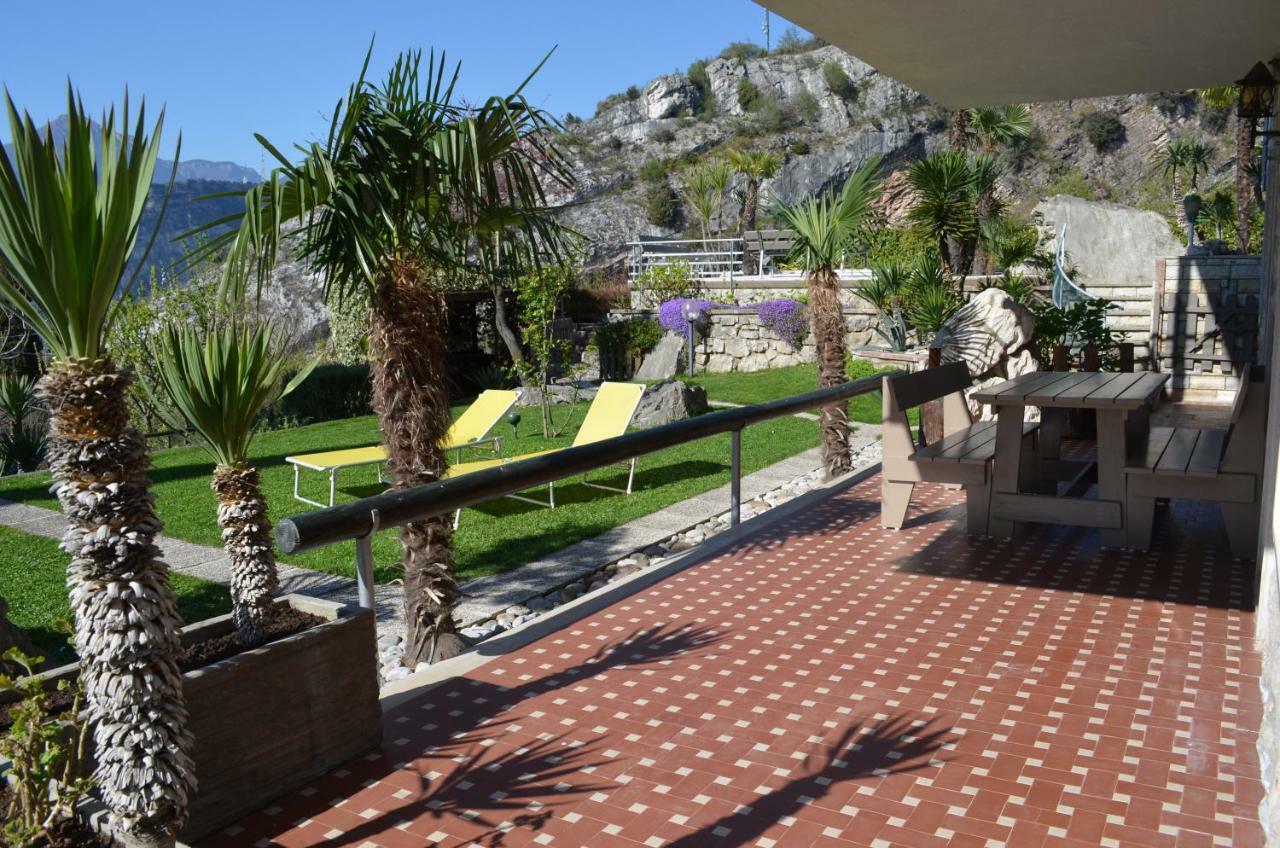 Ospitalita In Zona Panoramica Appartement Torbole Sul Garda Buitenkant foto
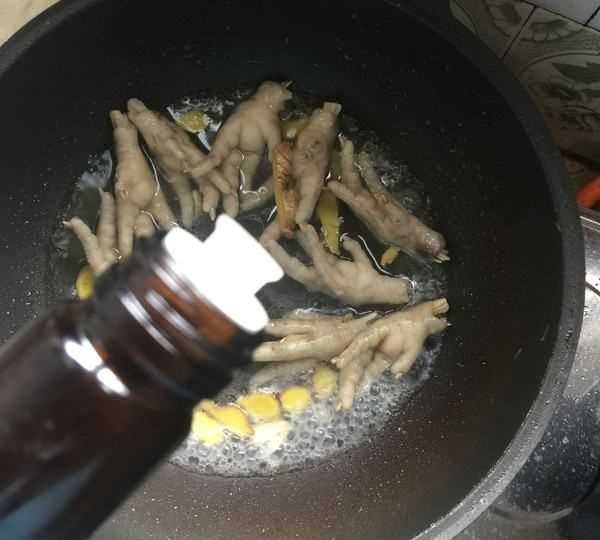 紅燒雞爪怎么做好吃,雞爪怎么炒做好吃又簡單易學(xué)圖10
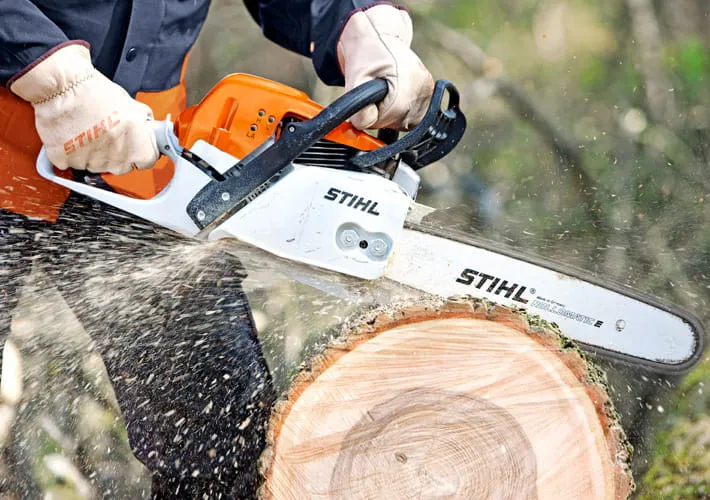 Motosega a scoppio Stihl MS 271 da 3,5 CV con barra da 45 cm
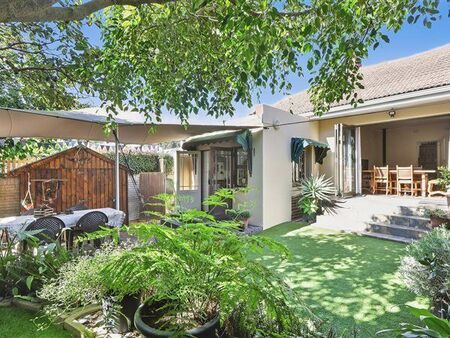 3 Bedroom House in Rondebosch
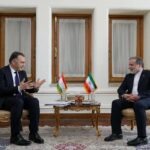 تاکید عراقچی بر توسعه روابط تجاری ایران و تاجیکستان تاکید عراقچی بر توسعه روابط تجاری ایران و تاجیکستان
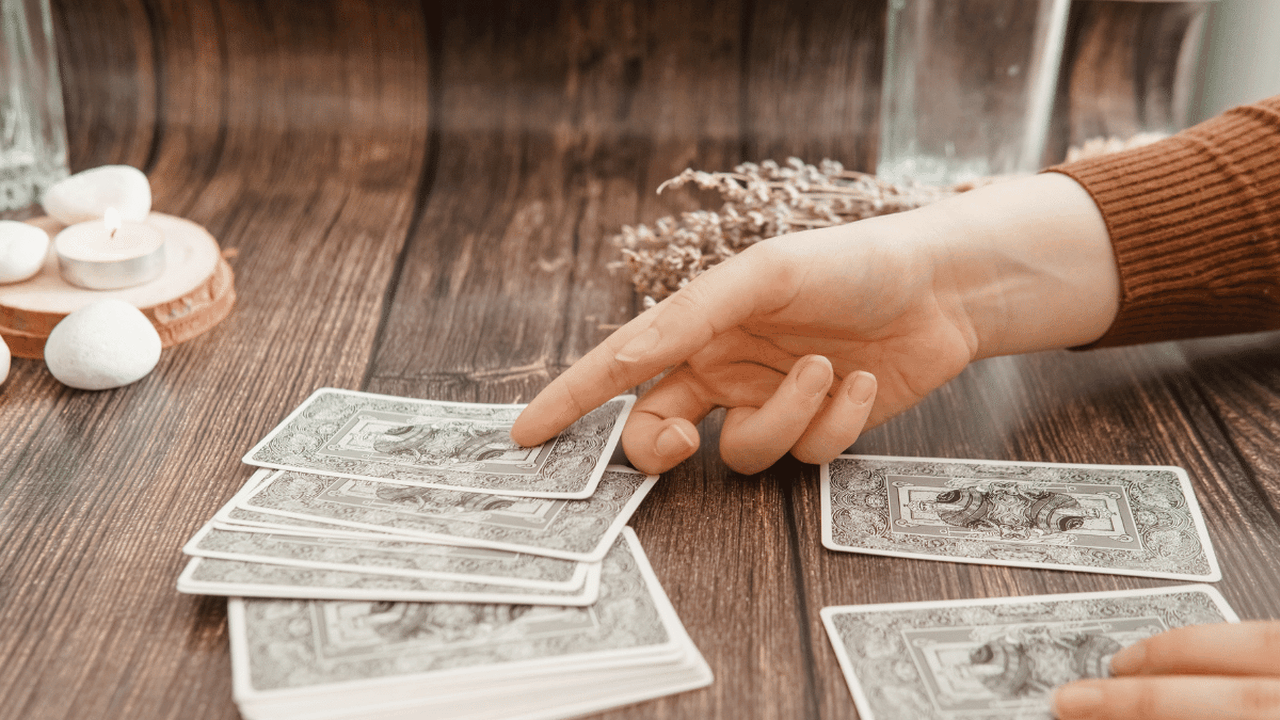 Tarot do dia: previsão para os 12 signos em 17/10/2026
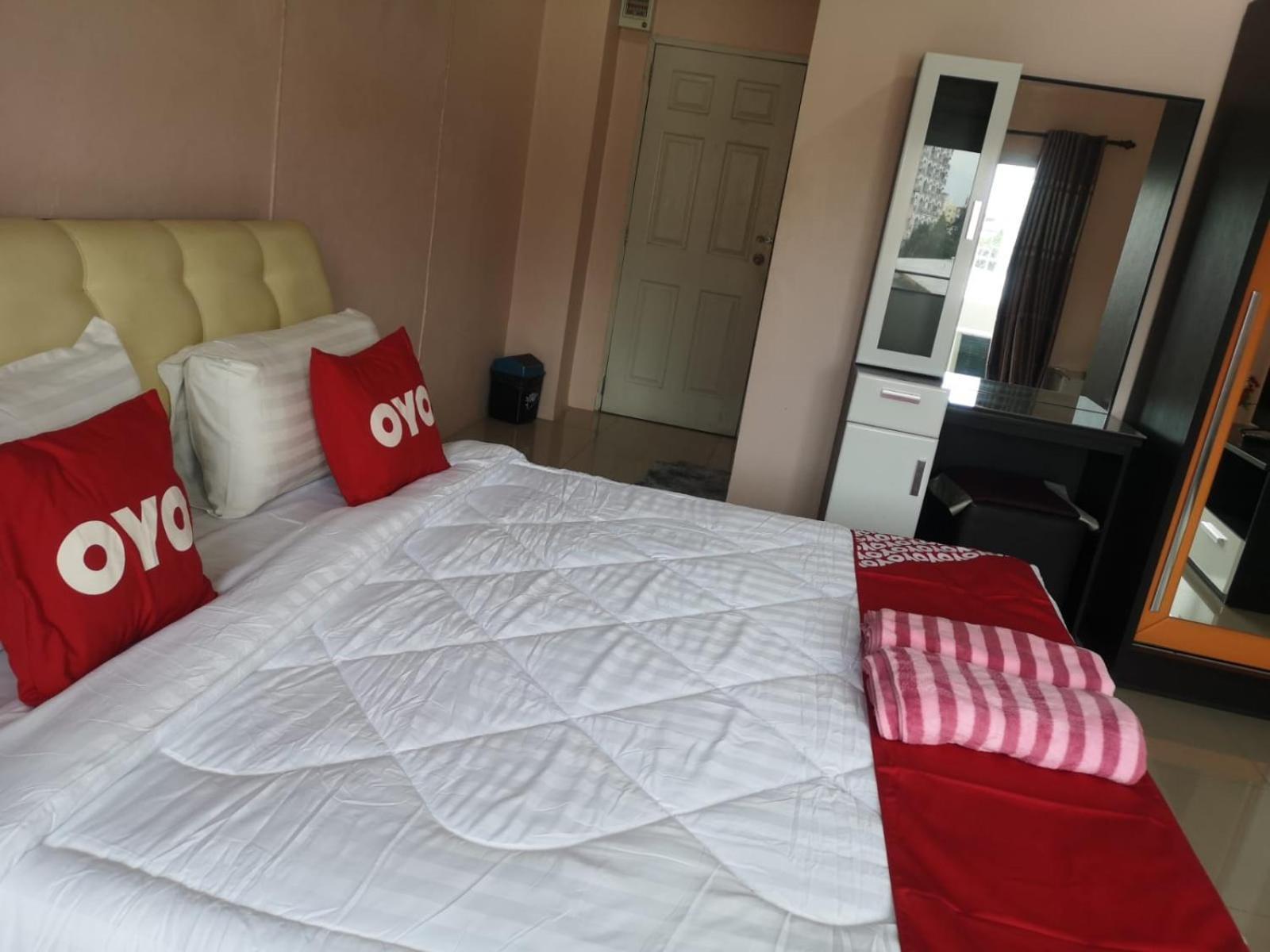 Kjs Pattaya Hotel Luaran gambar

:::::

Exactly as they stand, write the lines from the one holding "Tarot do dia: previsão" to the end of the material, both ends included. Do not copy the pictures.

### RESULT OF THE TASK
 Tarot do dia: previsão para os 12 signos em 17/10/2026
 Kjs Pattaya Hotel Luaran gambar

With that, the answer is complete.